第8話 殿下のまわり

今日は、門まで馬車で行った。いつまでも、逃げていられない。馬車から降りると殿下が立っている。その場で見ているとランダさんが小走りにやって来て


「おはよう、ウィル」と言った。


「おはよう、ランダ」と殿下が言った。二人の腕がからみあった。去って行くんだねと見ていると、


「お前は・・・ミランダ」と殿下が言った。


「怖いわ」とランダさんが殿下の腕をぎゅっと掴んだ。こっちを見るくらいは、やって欲しいな。


わたしは動かずにじっとして、二人と側近四人を見ていた。


野生動物は目を合わせると襲ってくるらしいから、じっとしていた。


殿下がランダさんを腕に絡めたままこちらへやってくる。挨拶をする。しない。・・・しない


「ミランダ・・・おはよう。元気そうでなによりだ。婚約解消は悲しいかっただろう。心配していたんだ」と殿下が言うと


「怖いです。なにを言われるか・・・略奪女なんてひどい言葉には耐えられません」とランダさんの声が聞こえる。


宰相息子が背中をさすっている。


沈黙?挨拶?


挨拶くらいしてこの場を離れよう。


「ランダさん、そんなこと言いません。
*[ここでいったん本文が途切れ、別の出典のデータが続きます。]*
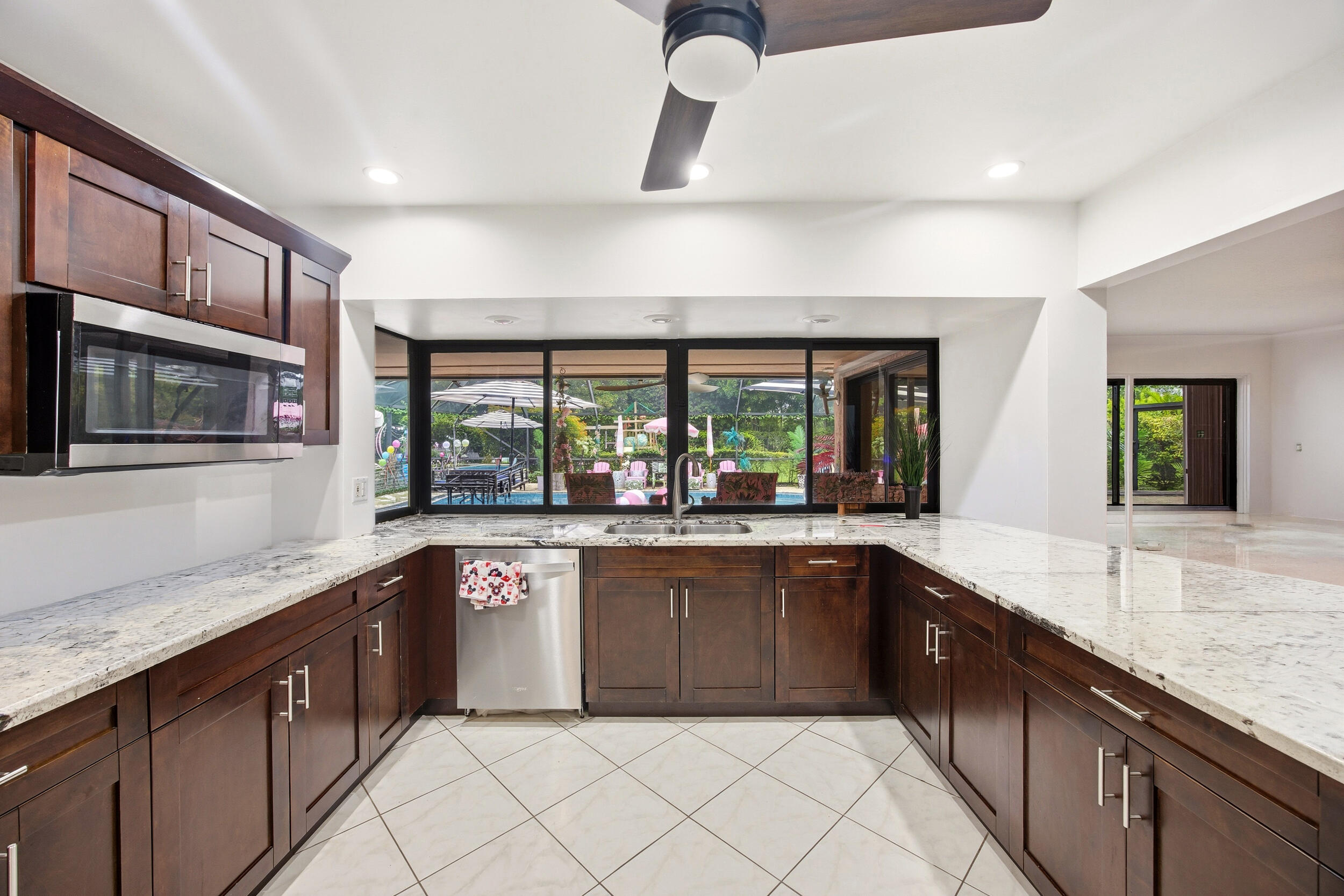 375 Northwest 53rd Street Boca Raton, FL 33487 - Photo 8 of 14 a large kitchen with stainless steel appliances granite countertop a sink and cabinets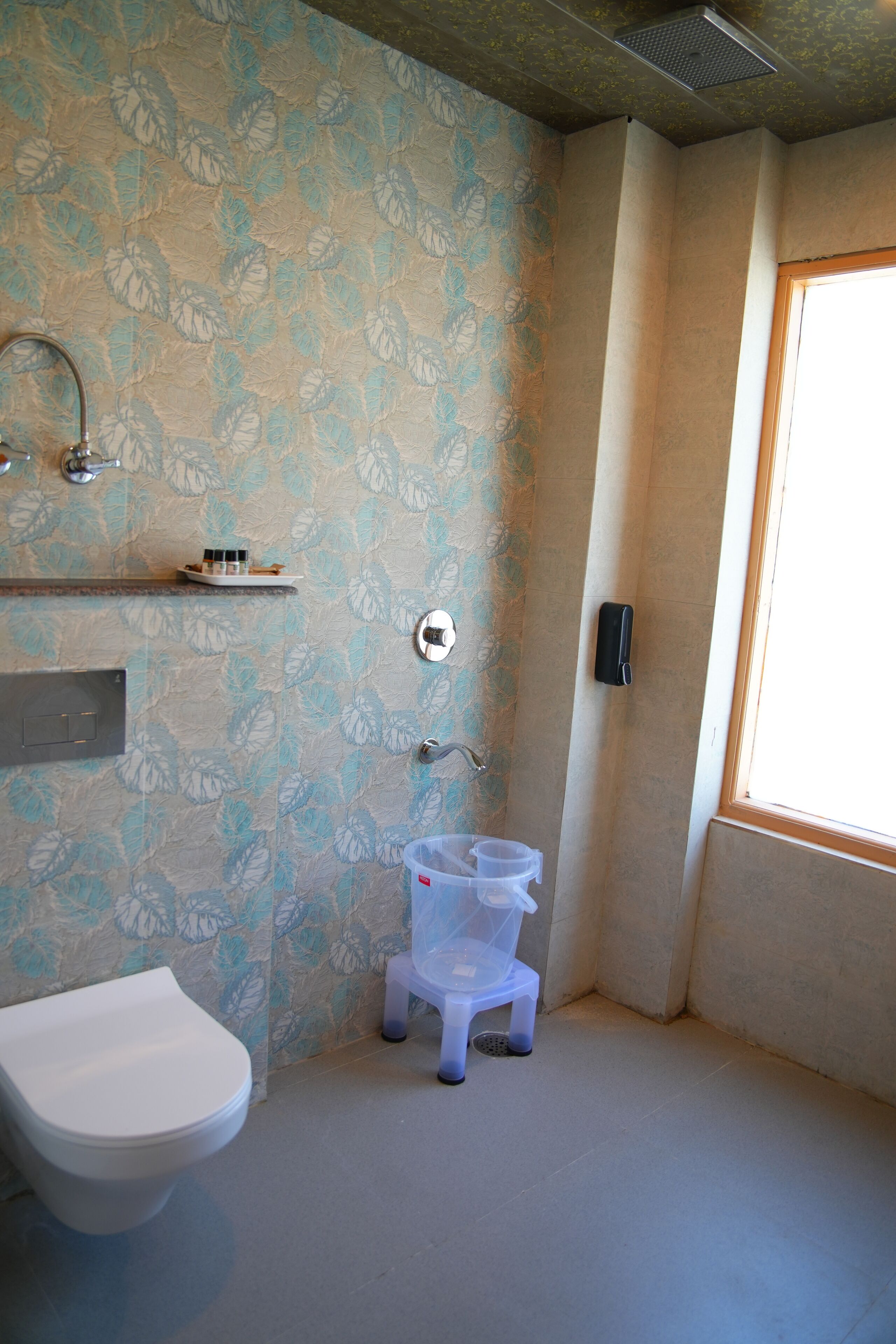 A bathroom with a toilet, a sink, a shower, and a window.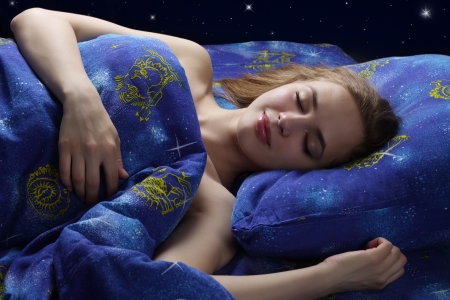 Sleeping Girl at night on dark backgroundの写真素材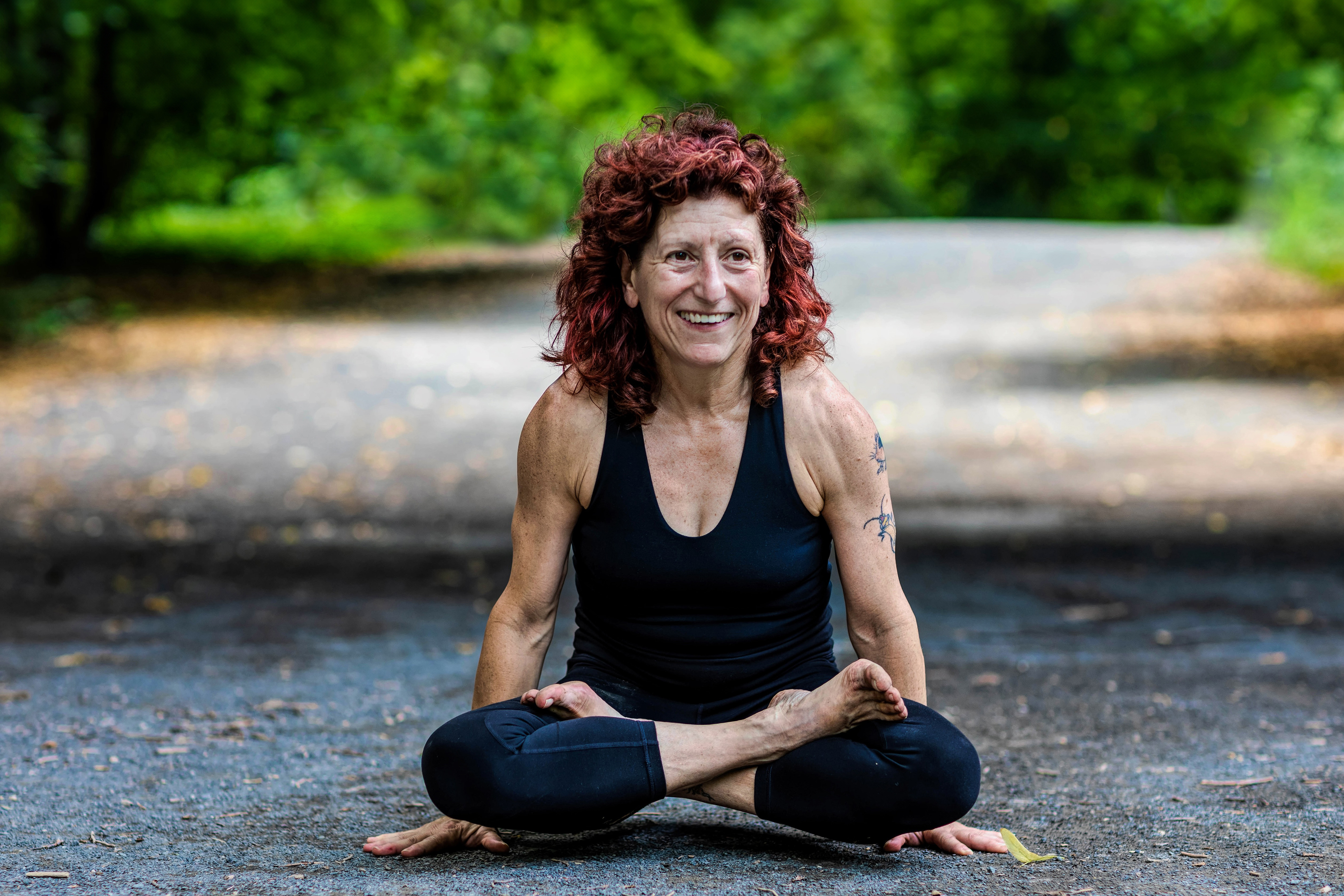 A photo of MIT alum Lillian Cuthbert in a crosslegged pose elevating her legs above pavement with trees behind her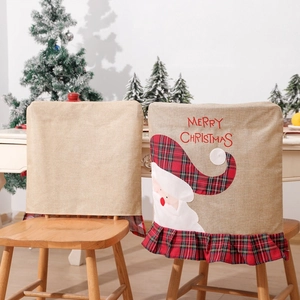 Detail of Christmas chair cover with Santa Claus embroidery and Merry Christmas text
思ってないですから。あなたと殿下はお似合いですわ。わたしはそこまで殿下と気が合いませんでした。早く気づいてよかったですわ・・・おかげで学院生活を楽しめます」と言った。


それからあらためて殿下に向けて


「おはようございます。王子殿下」と言うとさっさとその場を離れた。



さぁ早く教室へ言って今日の髪を見せなくちゃ。



「おはよう」と教室に入ると


「おはよう、ミランダ」「ミランダ、おはよう素敵!」「ミランダさんおはよう」と返事が返って来た。


いいわねぇ! 殿下の婚約者の時はみんな礼儀正しくて堅苦しくて、笑顔もなかったから。


「昨日買った髪飾りね、いいわね。危ない発言になるけど、いつも勿体無いなって思っていたのよ。そんなに綺麗な髪なのにって。いつもきちんと結い上げていたでしょ。あれはあれで綺麗だったけど・・・」とナタリーが言った。


「ありがとう。ほんとに良かった」とわたしは答えた。





お昼に食堂に行くと急いで教室を出た人たちが、たくさん席を取っていて、大人数でテーブルに座った。入りきらない人たちもいたけど、椅子を借りて来て、無理に座っていた。わたしたちもすこしずつ詰めてクラス全員で座った。


エミリーとナタリーと一緒も楽しいけど、他の人とも話してみたかったから、とても楽しかった。




そうやって過ごしているうちに、ふと気づいたら、殿下の側近の顔ぶれが変わっていた。


四人とも全員だ。多分留学でもしたのだろう。殿下も留学するだろうからその下地作りで先に行ったのだろうか?


そういえばランダさんは四人のうちのどこに養子に入ったのだろうか?


王家は今回の婚約については、それが決定してから発表するのだろうか?沈黙だ。




わたしとの婚約解消は王家がなにも言わないから、お父様が自分で広めまくった。


「わははは、残念ですが・・・ほんとに残念です」と豪快に笑いながら言いまくっているそうだ。



お母様はお茶会で


「やっと娘と街でお茶を飲んで話が出来ますのよ。お買い物にも一緒に行きましたの。娘がね。お友達と行って気に入ったお店を教えてくれて、一緒に・・・やっと娘を取り戻せました」とこのくだりで、ちょっと涙ぐんだりして・・・感情を見せてはいけない立場のお母様がこれをやった効果は絶大だったようで、やっと王家から解放されたんだ。大きい声で言えないが嬉しいんだと広まった。


そしてお茶会情報で側近四人の行先がわかった。


宰相の息子と公爵の息子は、隣国の修道院に併設された全寮制の学院に入ったそうだ。そこは卒業するまで外に出られない場所で、彼らの親は宰相と公爵は、二人を引き離したいそうだ。何から?誰から?そこはよくわからないそうだ・・・


そして東の辺境伯の息子と騎士団長の息子はと言うと騎士団長息子は北の辺境伯の元へ、東の辺境伯の息子は南の辺境伯の所へ修行に出されたそうだ。



そして新しい側近は伯爵の三男や侯爵家の庶子らしいということで、詳しい出自はわからないそうだ。それは側近と言えるのだろうか?

そういった立場で優秀といった場合もあるから、はっきりしないけど・・・



まぁいいことなんてないから絶対に関わらないけど。